Brushing your dog’s teeth: how to do it?

Taking care of the oral health of dogs is one of the ways to ensure good quality for these animals. Today we will show you how to brush your dog’s teeth.

In the wild, predators’ teeth clean themselves by eating tendons and chewing on bones.

Nonetheless, dogs in our age have changed their eating habits slightly, and dental hygiene has become part of the owner’s responsibility.

Dogs tend to have oral problems from the age of three , especially due to an accumulation of tartar, lacerations to the gums, broken teeth or problems resulting from a poor diet .

The care of oral hygiene in dogs is therefore of extreme importance, even if there are some recommendations to do it correctly.

Mouth care in puppies

The most important aspect to be able to brush your dog’s teeth correctly will be to get him used to this practice from an early age.

However, some particularities regarding the teeth of puppies must be kept in mind , so that future problems do not arise.

On average, puppies’ permanent teeth will not emerge until they are eight months old, although age can vary for each breed.

The gums are more sensitive when changing teeth, so the sensation of a toothbrush being rubbed into the mouth will not be pleasant at all.

For this reason it is recommended to use a special toothpaste for puppies to be applied with the finger , at least during the first weeks when you start brushing their teeth.

Always remember to be very careful, puppies tend to bite whatever happens between their teeth.

It is good to rub your puppy’s teeth and gums gently, with a gentle massage so they can get used to the sensation.

Once they get used to the massage, you can start replacing your finger with a soft-bristled puppy toothbrush . Teeth should be brushed once a week.

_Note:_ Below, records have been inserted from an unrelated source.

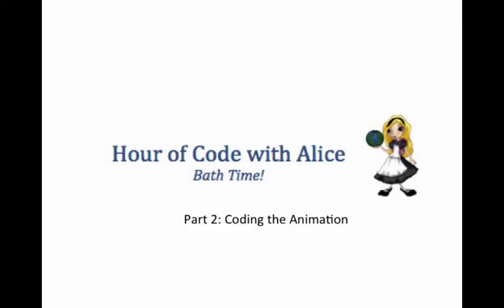Welcome to part 2 of the Hour of Code with Alice, coding the animation. In part 1 of this tutorial, you created a scene containing characters and props.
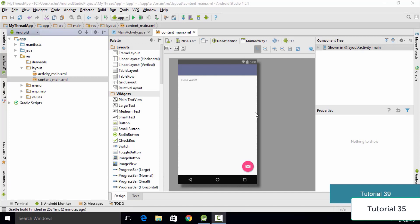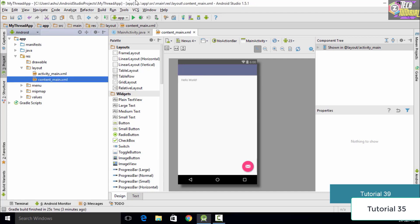Hello and welcome to this tutorial. In this tutorial we'll be talking about threads. This topic might sound complex, and that is because it is, but it is extremely crucial for us to learn threads while developing an Android application. We especially use threads while creating Android games or any other complex application which requires a lot of processes running in the background. A simple definition of a thread is that it is a path of execution.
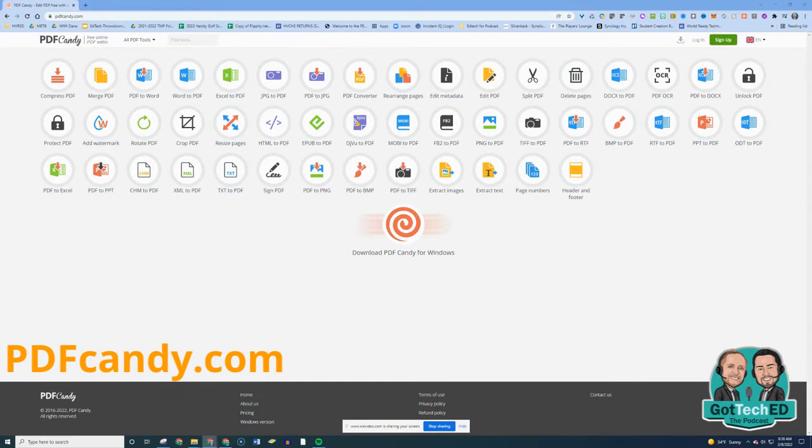Go over to PDFCandy.com. Check out all the awesome tools that allow you to manipulate your PDF. Whether you want to convert your PDF,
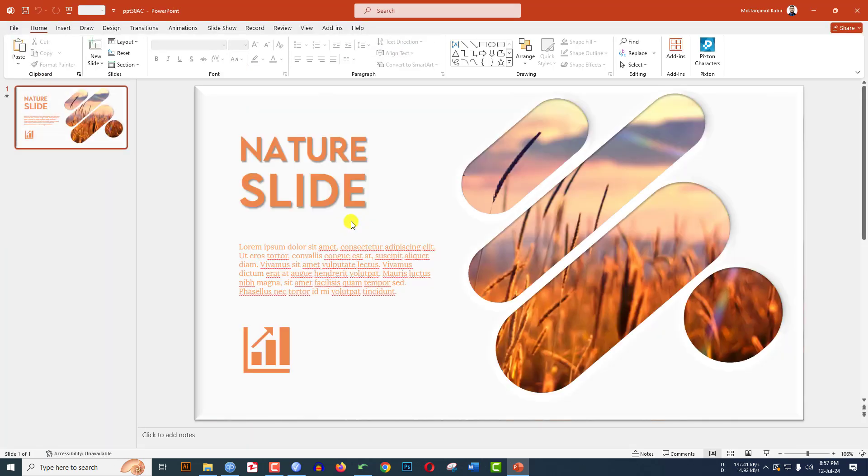And here you will see the magic. This slide was accidentally unsaved and I can easily recover it.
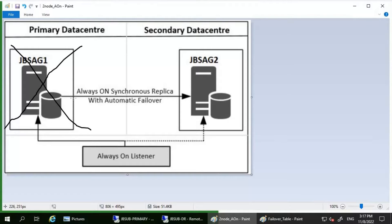There are three types of failover. The first is automatic failover, which occurs without any data loss. The second is planned manual failover without data loss — if we perform this properly for a synchronous commit with manual failover, we can be sure there will be no data loss. In the case of asynchronous commit with manual failover, we can change the commit mode from asynchronous to synchronous, ensure the databases are synchronized, and then do a failover with no data loss.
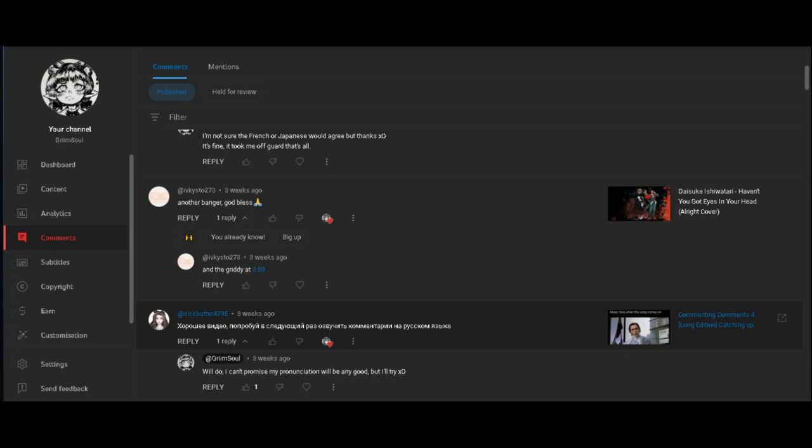So I'll give it a try reading this comment specifically and the other ones to do justice. Future Grim here, you're gonna listen to take two of me actually saying that because I absolutely destroyed my first attempt.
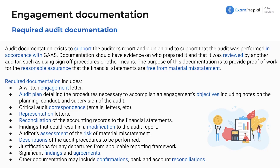We've gone over what audit documentation does and its purpose. Now we've got some required items — this is not a complete list. There will be other pieces of documentation required, and in practice you might view some as necessary that the AICPA or PCAOB may not require. Just like if any of you have real audit experience, this may vary. These are some of the bigger ticket items that we'll see on the exam.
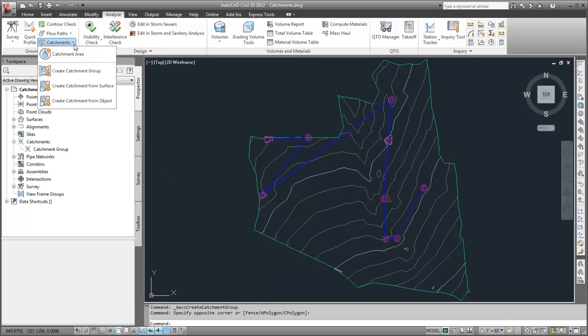When each catchment is created in this model, I want AutoCAD Civil 3D to analyze the surface terrain and then calculate the hydraulically most remote point. To do this, I'm going to use the Create Catchment from Surface tool.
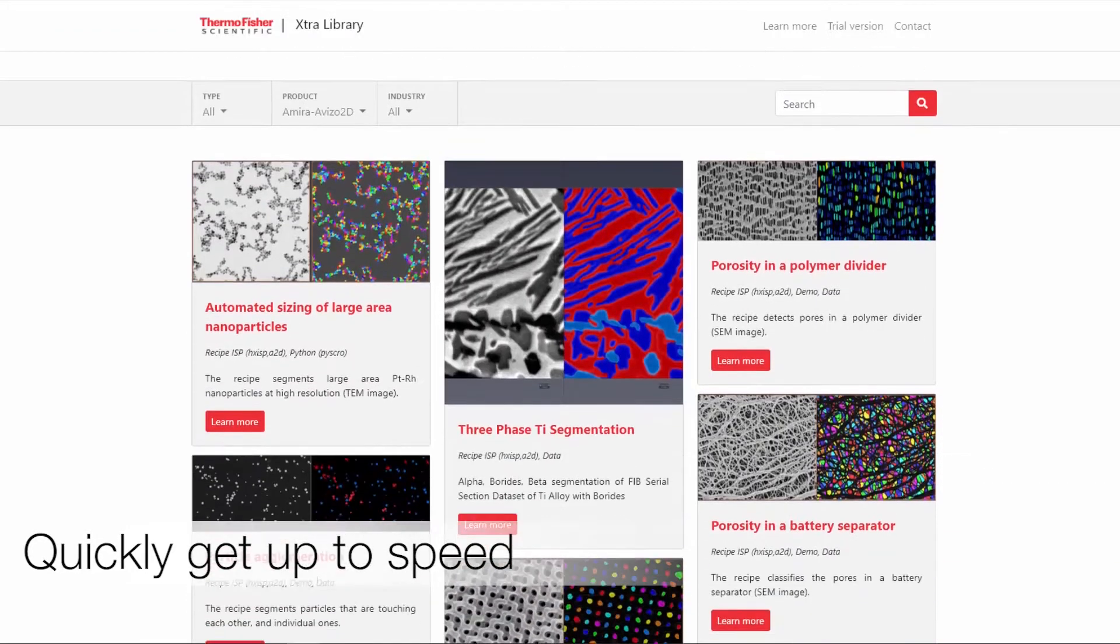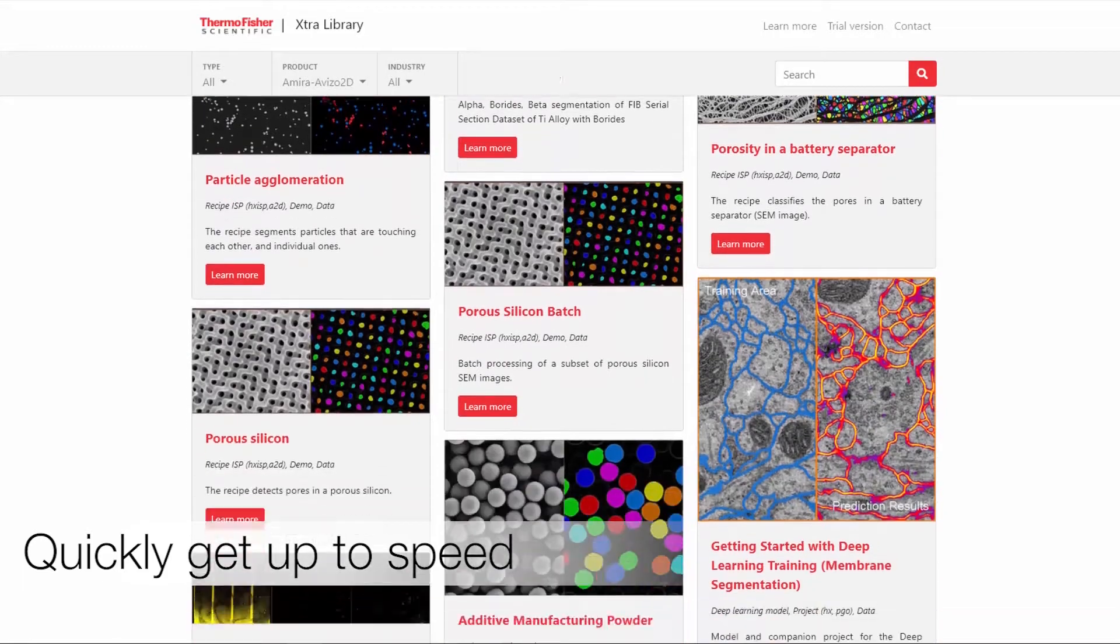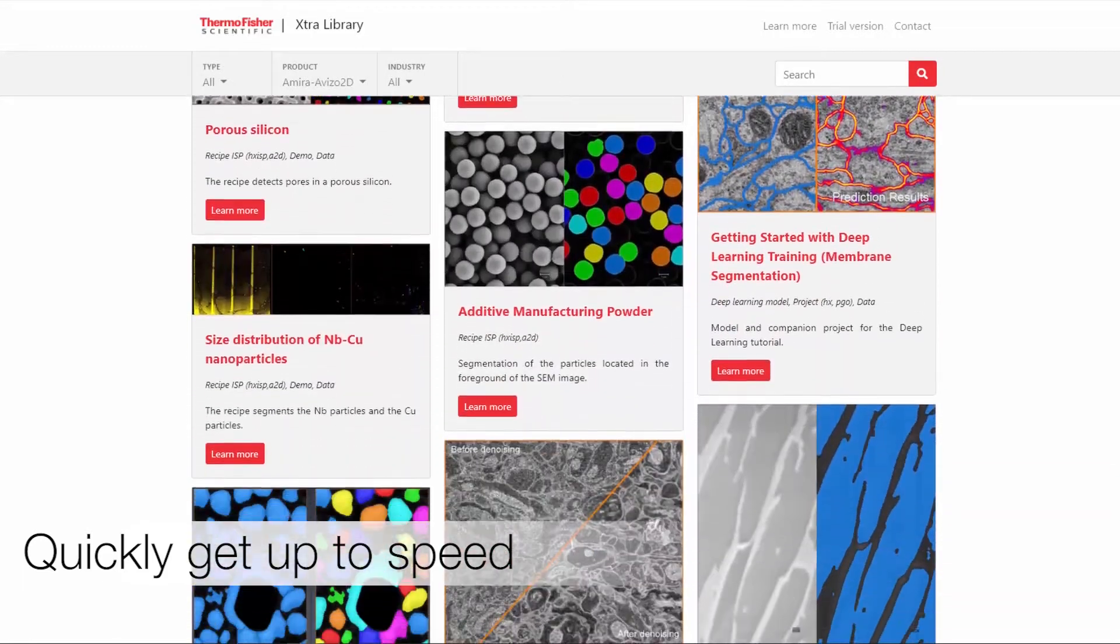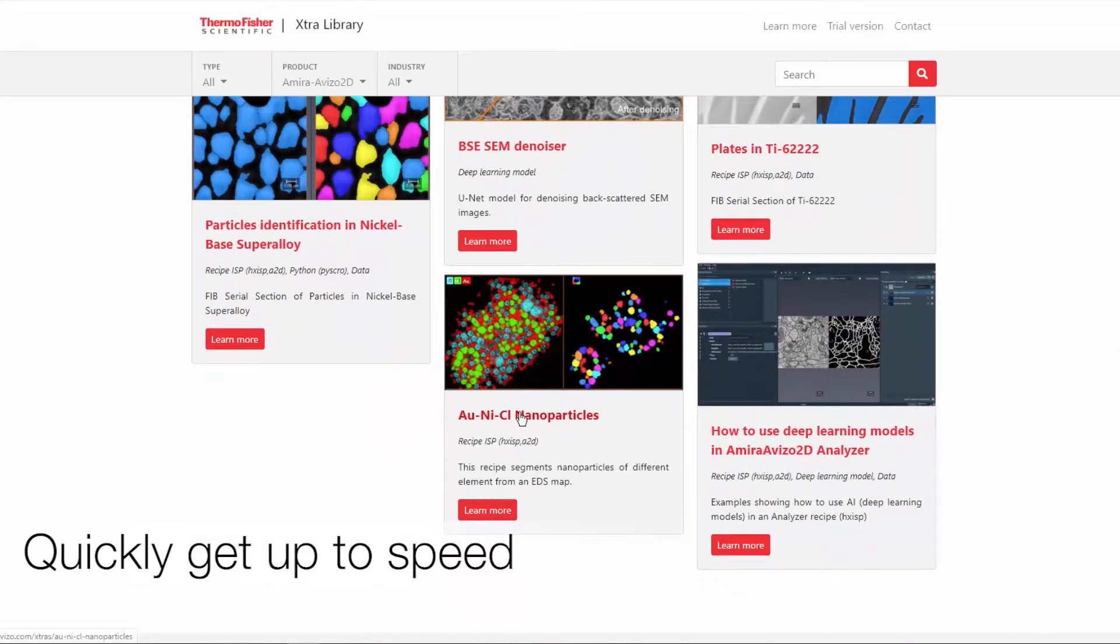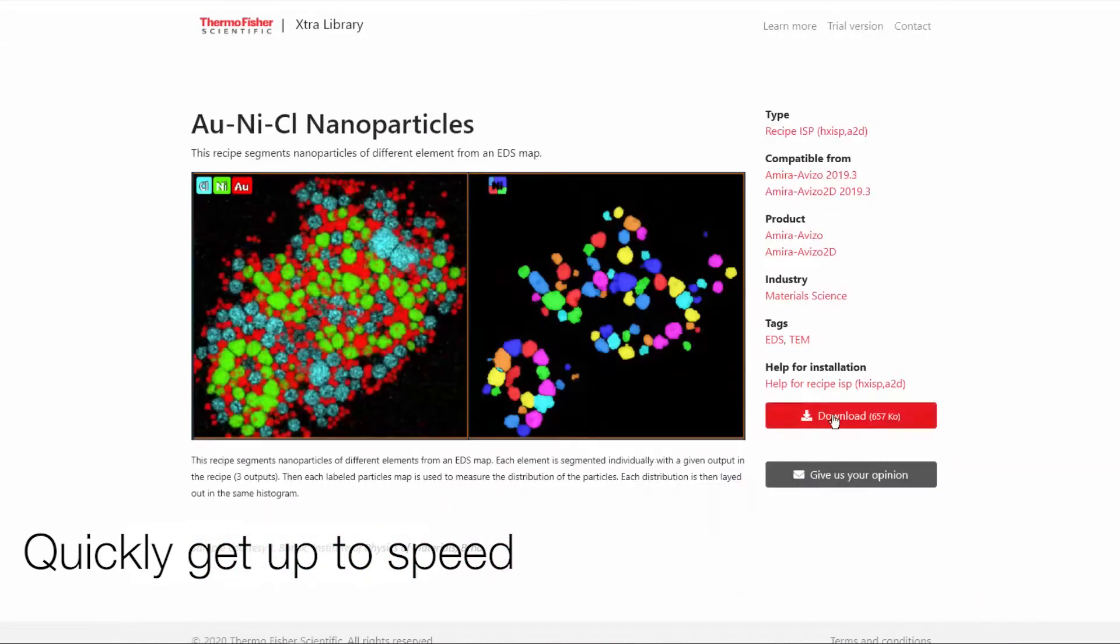To allow you to quickly get up to speed, Aviso2D software comes with an online library providing ready-to-use recipes.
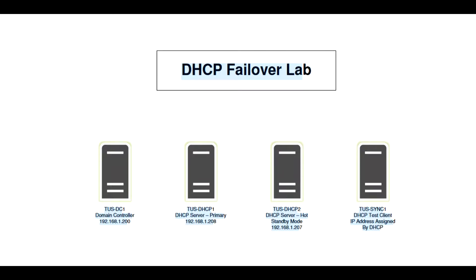At work I got asked the question about DHCP failover: What happens if the active server is no longer able to be recovered? How do you turn the hot spare into the active server? So we're going to do DHCP failover again, and more.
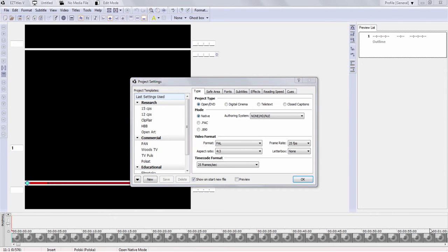Hello and welcome to this video tutorial on how to get started with EasyTitles 5. In this tutorial I will show you the basics of how to configure the software and how to do the spotting.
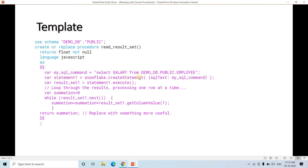Then var statement1 = snowflake.createStatement — copy-paste this line exactly. snowflake.createStatement takes sqlText: mySqlCommand, where mySqlCommand is your SQL string. This creates the statement, and in the next line we execute it. That SQL query will be executed and the result set — which may have multiple columns and multiple rows — will be stored in a variable. You can apply arithmetic or other operations on that result set, but when you return, make sure you are returning only a single value.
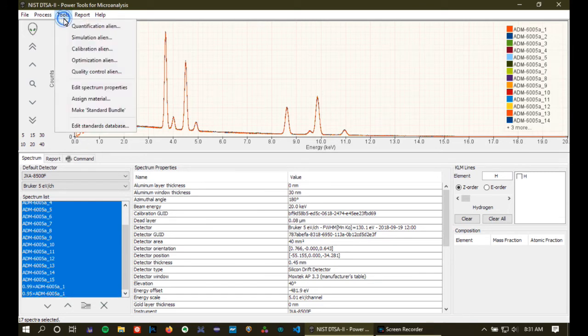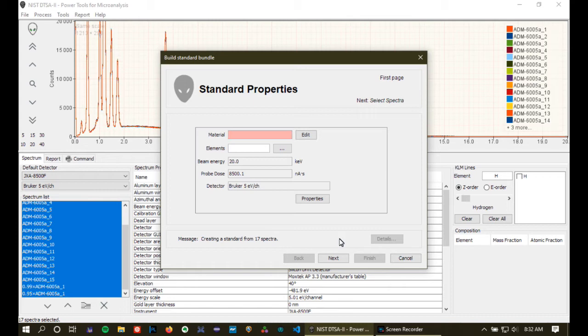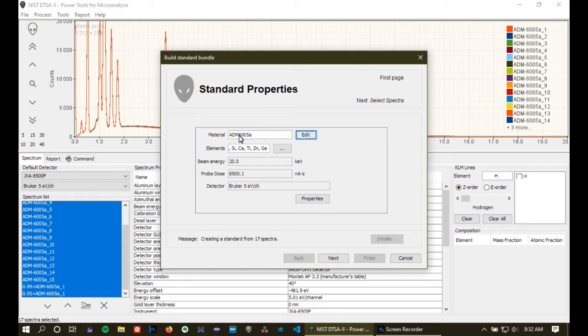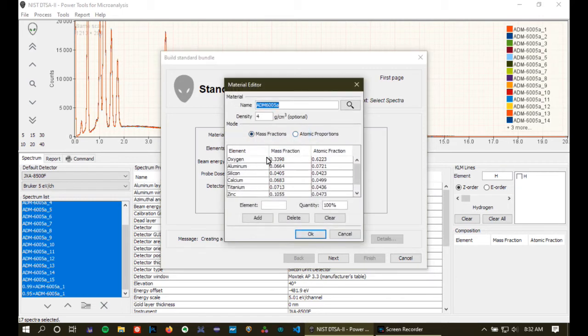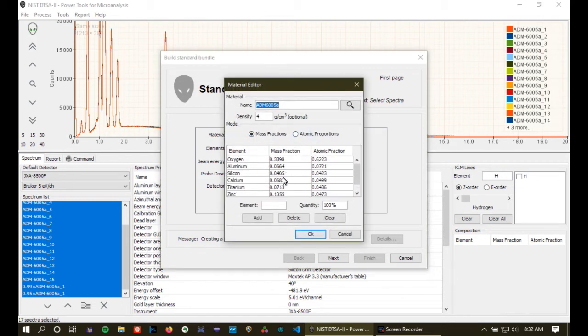All right, so let's go up to tools here and select make standard bundle. So the first thing we're going to get is one of these wizard type interfaces which steps you through the process of creating a standard bundle. First thing it's going to ask us for is what is the material?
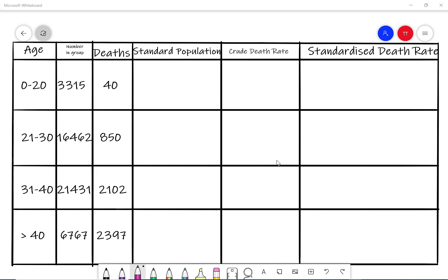In this video we're going to look at standardized rates. Crude rates do not take into account the age of a population. For example, if we had a town with a large elderly population, the crude death rate is likely to be high.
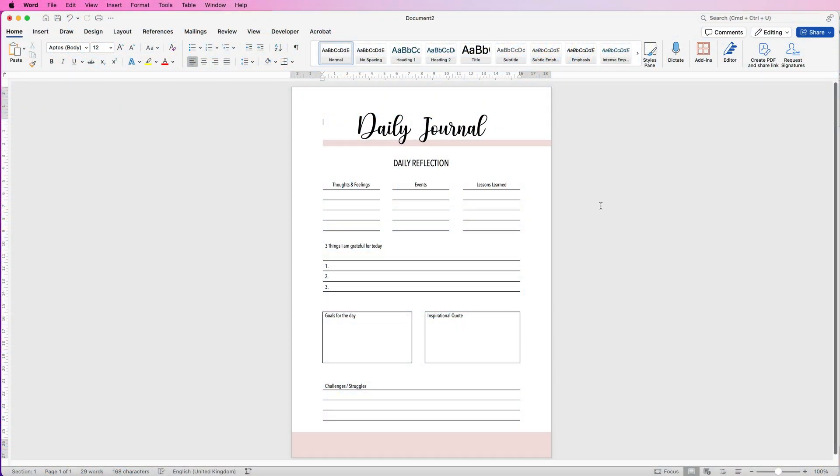Hi, welcome to the channel. Today I'm going to be showing you how you can create this daily journal page in Word.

Care in adult and senior dogs

Once the dog has entered the adult stage, has changed all his teeth and has permanent dentition , mouth care should be part of the usual routine. From the age of three, it will be good to carry out a prophylaxis at least once a year.

As the dog approaches maturity, care will need to become more and more comprehensive, as some dental problems tend to worsen during old age.

Older dogs are more prone to suffering from oral cavity diseases, due in most cases to the accumulation of tartar. For example:

  • Bad breath
  • Loss of teeth
  • Sensitivity
  • Gingivitis

At the time of cleaning it will be good to make sure that the dog does not have gum wounds, blood or partial fractures to the teeth.

Tips to get your dog used to cleaning his teeth

If you haven’t gotten used to cleaning your dog from an early age, you can still do it as an adult. It will take a little longer , but dogs are intelligent animals and they learn fast.

  • Do not use toothpaste for men for any reason , always use specialized paste for dogs.
  • Sit next to the dog and stroke him until he relaxes . The ideal time is on returning from a walk , when the animal is tired.
  • Remember to use your finger for the first few times. In the case of adult dogs it will not be too dangerous, as generally the urge to bite the owner’s hand will be gone. The replacement with the toothbrush will have to take place little by little.
  • Let the dog sniff and try the toothpaste so he can get used to the flavor.
  • Gently rub the base of the teeth with the toothbrush or finger , and take advantage of this to check the condition of the teeth and gums.
  • Once this is done, let the dog lick off the excess toothpaste and stroke it as a reward for doing well during the practice.
  • Don’t scold him or yell if he misbehaves. Simply wait for the dog to calm down and try again.